- Artist: Sidney Nolan
- Year: 1947
- Type: Enamel paint on Composition board
- Dimensions: 90.7 cm × 121.2 cm (30 in × 34 in)
- Location: National Gallery of Australia; Canberra;

= The Trial (painting) =

1947 painting by Sidney Nolan

The Trial is an enamel painting by the Australian painter Sidney Nolan, from 1947.

This painting depicts Ned Kelly's trial, where Kelly is depicted in handcuffs. A judge and several people look at him in the court. The painting is one of a number by Nolan to use enamel paint, usually Ripolin, a commercial paint not intended for art (and nothing to do with true vitreous enamel).

Nolan painted the picture at Heide at Bulleen, Victoria, the home of John Reed and his wife, Sunday.

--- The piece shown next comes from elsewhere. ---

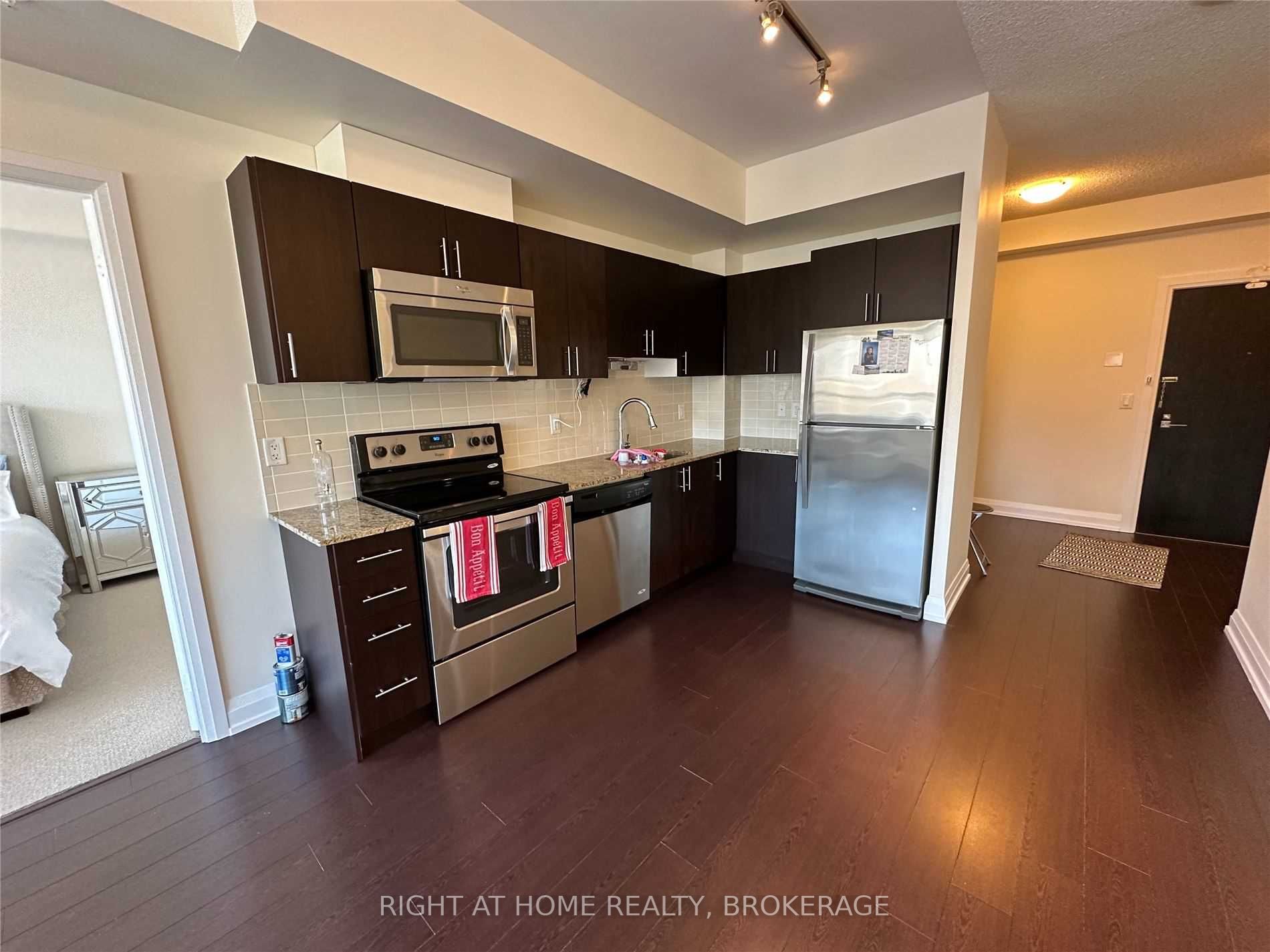 3520 Danforth Ave, #220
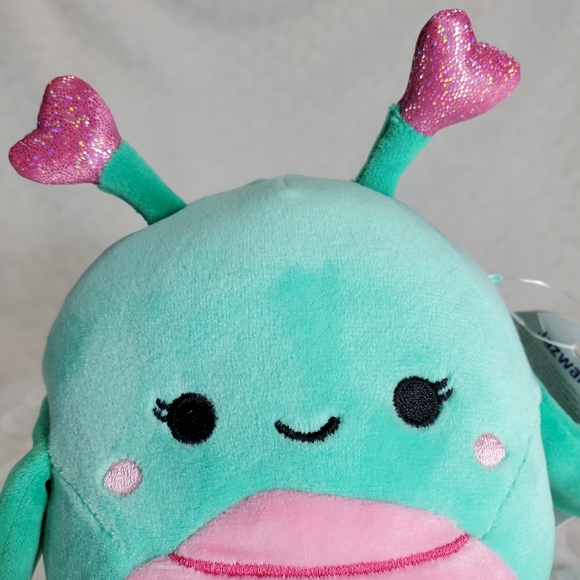 Mattea Squishmallow Grasshopper Valentines Day Squad BNWT 5 Inch - Picture 6 of 7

Sunday Reed may have helped paint the floor of this painting. She supported Nolan while he painted the Kelly series.

This painting is currently in the National Gallery of Australia. The painting was donated by Sunday Reed. Nolan had left the painting among many others at Heide. Although Nolan once wrote to Sunday Reed to tell her to take what she wanted, he subsequently demanded all his works back. Sunday Reed returned 284 other paintings and drawings to Nolan, but she refused to give up the 27 remaining Kellys, partly because she saw the works as fundamental to the proposed Heide Museum of Modern Art. Eventually, she gave them to the National Gallery of Australia in 1977 and this resolved the dispute.

In 1973, Nolan reproduced The Trial on a woven wool tapestry, which was lent to Admiralty House in Kirribilli, the official Sydney residence of the Governor-General of Australia. The tapestry was Sir John Kerr's favourite backdrop when making televised addresses. It is now located at the Federal Court of Australia in Sydney.